当たった場合の金額が多ければ多いほど話題になりますし、盛り上がると思います。

しかし、このようなサービスは景品表示法により規制がされています。

以下、サイコロやくじなどを使ったサービスについて注意するべき点をまとめておきます。

景品表示法での位置づけ

 

商品・サービスの利用者に対し、くじ等の偶然性、特定行為の優劣等によって景品類を提供することを「懸賞」といい、共同懸賞以外のものは、「一般懸賞」と呼ばれています。

景品規制の概要ー消費者庁

くじ等の偶然性によって景品類を提供するので、サイコロやくじを使ったサービスは一般懸賞に当たります。

また、景品類とは、一般的にはおまけのイメージがありますが、景品表示法では以下のように定義されています。

この法律で「景品類」とは、顧客を誘引するための手段として、その方法が直接的であるか間接的であるかを問わず、くじの方法によるかどうかを問わず、事業者が自己の供給する商品又は役務の取引(不動産に関する取引を含む。以下同じ。)に付随して相手方に提供する物品、金銭その他の経済上の利益であつて、内閣総理大臣が指定するものをいう。

ー景品表示法第2条第3項ー

ですので、サイコロでぞろ目が出たらもう一杯無料や、くじで当たりが出たら料理一品サービスなどは、この景品類に当たります。

限度額の規制

そして、この景品類の金額に規制がかかります。

懸賞による取引価額 景品類限度額
最高額 総額
5000円未満 取引価額の20倍 懸賞に係る売り上げ予定総額の2%
5000円以上 10万円 同上

例えば、500円のビールを注文してくれたお客さんに、サイコロのサービスをする場合、懸賞による取引価額は5000円未満であるので、最高額で1万円までの景品類をサービスできることになります。

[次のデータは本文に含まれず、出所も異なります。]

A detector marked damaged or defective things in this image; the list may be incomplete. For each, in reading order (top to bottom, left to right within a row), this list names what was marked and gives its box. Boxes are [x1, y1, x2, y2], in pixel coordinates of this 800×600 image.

当たれば、もう一杯ビール無料などの場合は規制に反しません。

しかし、当たれば1万5000円の食事券あげます!というのは規制に反します。

 

上記の表の懸賞に係る売り上げ予定総額とは、サイコロのサービスを実施している期間における対象商品の売上予定総額のことです。

上の例で言えば、ビールの売り上げ予定総額の2%を限度に景品類の額や数を設定できるということです。

規制を設ける理由

消費者庁は、過大な景品に釣られて、質の悪いまたは割高な商品やサービスを購入してしまうと、消費者にとっては良くないこととしています。

また、過大景品による競争によって、事業者が商品そのものの質の向上やサービスの向上をしなくなり、さらに消費者にとって不利益になると捉えています。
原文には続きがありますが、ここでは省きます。